=== What you need to do ===
The lines to reproduce from the material below are those from the one containing "Outer Door Bowl" through the one containing "Heavy Thicken Metal", both included; write them out exactly and add nothing.

:: Material for this task ::

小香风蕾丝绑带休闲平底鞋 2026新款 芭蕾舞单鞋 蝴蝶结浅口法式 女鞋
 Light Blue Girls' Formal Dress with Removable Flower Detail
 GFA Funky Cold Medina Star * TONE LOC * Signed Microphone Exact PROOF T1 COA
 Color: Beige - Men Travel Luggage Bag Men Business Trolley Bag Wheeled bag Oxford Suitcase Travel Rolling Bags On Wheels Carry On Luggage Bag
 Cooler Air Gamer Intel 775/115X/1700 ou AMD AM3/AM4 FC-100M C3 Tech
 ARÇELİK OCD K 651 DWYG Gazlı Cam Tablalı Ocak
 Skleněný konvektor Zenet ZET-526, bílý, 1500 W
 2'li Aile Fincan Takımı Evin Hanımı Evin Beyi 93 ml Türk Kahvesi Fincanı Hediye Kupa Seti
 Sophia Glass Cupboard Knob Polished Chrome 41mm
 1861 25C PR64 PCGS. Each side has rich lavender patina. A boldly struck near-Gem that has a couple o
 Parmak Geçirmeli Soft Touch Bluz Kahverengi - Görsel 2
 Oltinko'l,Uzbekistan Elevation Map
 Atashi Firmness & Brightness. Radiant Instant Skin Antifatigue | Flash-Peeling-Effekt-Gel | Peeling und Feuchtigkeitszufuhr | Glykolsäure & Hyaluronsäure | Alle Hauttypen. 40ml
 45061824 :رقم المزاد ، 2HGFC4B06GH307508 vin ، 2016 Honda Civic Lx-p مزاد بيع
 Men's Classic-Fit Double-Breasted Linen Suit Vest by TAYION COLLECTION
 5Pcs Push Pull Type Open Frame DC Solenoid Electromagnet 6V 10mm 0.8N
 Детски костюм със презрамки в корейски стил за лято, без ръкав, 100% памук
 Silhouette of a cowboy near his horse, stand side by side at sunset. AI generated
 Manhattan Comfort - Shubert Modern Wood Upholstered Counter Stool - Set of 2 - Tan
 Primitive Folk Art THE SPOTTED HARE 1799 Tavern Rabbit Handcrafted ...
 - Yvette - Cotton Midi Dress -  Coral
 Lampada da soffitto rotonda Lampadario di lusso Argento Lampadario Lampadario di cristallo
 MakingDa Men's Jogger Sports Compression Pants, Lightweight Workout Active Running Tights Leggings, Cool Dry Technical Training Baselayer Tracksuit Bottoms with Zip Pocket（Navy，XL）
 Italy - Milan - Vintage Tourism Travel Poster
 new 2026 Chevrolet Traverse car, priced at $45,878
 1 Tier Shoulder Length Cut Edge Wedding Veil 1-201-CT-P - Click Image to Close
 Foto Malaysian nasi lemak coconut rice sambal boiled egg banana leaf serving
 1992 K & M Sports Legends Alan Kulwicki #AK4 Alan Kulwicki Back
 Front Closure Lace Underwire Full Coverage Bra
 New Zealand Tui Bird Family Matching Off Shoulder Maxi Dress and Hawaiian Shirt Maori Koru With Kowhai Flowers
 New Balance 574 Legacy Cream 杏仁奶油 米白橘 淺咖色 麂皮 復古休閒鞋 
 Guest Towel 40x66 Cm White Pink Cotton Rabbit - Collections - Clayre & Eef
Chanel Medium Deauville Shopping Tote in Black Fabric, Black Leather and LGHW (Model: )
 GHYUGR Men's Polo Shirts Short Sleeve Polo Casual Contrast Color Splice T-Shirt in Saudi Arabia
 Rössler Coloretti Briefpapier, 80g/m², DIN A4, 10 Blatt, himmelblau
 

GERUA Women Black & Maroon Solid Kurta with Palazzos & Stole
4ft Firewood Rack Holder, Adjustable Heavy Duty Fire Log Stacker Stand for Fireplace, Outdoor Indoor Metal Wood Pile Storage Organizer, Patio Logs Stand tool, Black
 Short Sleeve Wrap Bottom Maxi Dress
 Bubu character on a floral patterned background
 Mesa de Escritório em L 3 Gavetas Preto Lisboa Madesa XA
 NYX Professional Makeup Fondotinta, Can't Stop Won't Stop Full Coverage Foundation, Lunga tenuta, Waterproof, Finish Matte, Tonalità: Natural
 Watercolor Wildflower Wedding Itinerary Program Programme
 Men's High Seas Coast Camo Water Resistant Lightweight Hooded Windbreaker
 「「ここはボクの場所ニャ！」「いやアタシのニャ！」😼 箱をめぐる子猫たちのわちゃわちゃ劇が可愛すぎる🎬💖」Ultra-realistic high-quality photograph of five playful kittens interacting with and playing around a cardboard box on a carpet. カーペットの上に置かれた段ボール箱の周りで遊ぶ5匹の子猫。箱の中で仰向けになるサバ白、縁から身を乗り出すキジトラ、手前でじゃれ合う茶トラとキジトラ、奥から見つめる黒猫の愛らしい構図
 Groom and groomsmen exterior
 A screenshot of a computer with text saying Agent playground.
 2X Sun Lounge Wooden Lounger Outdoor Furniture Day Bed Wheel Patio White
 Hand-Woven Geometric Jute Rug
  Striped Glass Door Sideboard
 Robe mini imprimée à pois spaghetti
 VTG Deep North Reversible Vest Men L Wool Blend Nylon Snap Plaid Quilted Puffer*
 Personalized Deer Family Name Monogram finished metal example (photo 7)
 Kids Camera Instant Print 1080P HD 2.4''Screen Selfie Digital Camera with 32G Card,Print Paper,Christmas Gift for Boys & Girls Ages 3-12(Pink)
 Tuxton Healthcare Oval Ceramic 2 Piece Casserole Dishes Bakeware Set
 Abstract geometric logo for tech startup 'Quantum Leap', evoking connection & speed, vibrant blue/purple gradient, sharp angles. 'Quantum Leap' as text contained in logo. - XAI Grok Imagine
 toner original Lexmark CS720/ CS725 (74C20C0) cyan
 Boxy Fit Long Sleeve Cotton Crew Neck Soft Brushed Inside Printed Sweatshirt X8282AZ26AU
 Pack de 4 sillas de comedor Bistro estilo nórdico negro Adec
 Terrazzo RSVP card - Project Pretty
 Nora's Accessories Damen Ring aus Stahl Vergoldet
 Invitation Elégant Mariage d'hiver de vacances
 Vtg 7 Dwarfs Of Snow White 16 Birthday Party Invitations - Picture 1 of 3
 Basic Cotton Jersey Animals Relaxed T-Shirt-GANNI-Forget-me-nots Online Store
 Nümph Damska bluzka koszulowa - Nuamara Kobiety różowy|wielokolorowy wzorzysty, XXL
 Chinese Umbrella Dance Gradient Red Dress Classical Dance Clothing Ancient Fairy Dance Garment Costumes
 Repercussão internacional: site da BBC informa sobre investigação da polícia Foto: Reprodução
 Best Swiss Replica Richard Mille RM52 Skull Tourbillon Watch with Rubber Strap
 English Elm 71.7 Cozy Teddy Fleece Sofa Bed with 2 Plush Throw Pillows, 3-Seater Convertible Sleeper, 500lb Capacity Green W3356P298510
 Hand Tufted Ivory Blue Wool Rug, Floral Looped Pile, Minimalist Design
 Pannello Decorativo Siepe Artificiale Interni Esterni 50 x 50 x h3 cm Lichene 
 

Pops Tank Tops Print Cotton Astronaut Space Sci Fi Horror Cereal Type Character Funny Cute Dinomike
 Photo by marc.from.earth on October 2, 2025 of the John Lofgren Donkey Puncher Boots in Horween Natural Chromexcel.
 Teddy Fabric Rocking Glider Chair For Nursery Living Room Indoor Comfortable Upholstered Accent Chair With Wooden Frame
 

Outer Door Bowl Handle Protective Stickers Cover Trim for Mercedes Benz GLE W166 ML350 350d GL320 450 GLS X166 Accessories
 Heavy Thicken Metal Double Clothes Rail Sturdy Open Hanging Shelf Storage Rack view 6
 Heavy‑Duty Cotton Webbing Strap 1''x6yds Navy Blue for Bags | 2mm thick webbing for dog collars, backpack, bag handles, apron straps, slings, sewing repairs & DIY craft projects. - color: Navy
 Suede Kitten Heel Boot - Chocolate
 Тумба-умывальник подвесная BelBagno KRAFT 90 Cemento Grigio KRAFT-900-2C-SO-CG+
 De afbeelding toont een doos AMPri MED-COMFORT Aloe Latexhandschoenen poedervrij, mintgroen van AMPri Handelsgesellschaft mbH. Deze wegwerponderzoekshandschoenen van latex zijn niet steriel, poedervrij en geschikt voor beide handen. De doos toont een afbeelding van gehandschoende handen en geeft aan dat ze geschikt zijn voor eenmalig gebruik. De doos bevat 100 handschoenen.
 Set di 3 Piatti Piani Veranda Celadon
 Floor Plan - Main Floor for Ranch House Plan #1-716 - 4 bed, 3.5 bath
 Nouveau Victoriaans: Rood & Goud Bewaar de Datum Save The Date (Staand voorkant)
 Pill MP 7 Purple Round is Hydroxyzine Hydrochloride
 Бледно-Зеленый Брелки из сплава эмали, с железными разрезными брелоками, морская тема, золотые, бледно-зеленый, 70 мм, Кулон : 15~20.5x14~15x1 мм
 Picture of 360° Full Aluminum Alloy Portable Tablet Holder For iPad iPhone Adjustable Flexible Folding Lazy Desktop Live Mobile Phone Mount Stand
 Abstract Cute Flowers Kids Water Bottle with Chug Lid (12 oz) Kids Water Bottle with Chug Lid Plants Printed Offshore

:::

=== Result for this task ===
Outer Door Bowl Handle Protective Stickers Cover Trim for Mercedes Benz GLE W166 ML350 350d GL320 450 GLS X166 Accessories
 Heavy Thicken Metal Double Clothes Rail Sturdy Open Hanging Shelf Storage Rack view 6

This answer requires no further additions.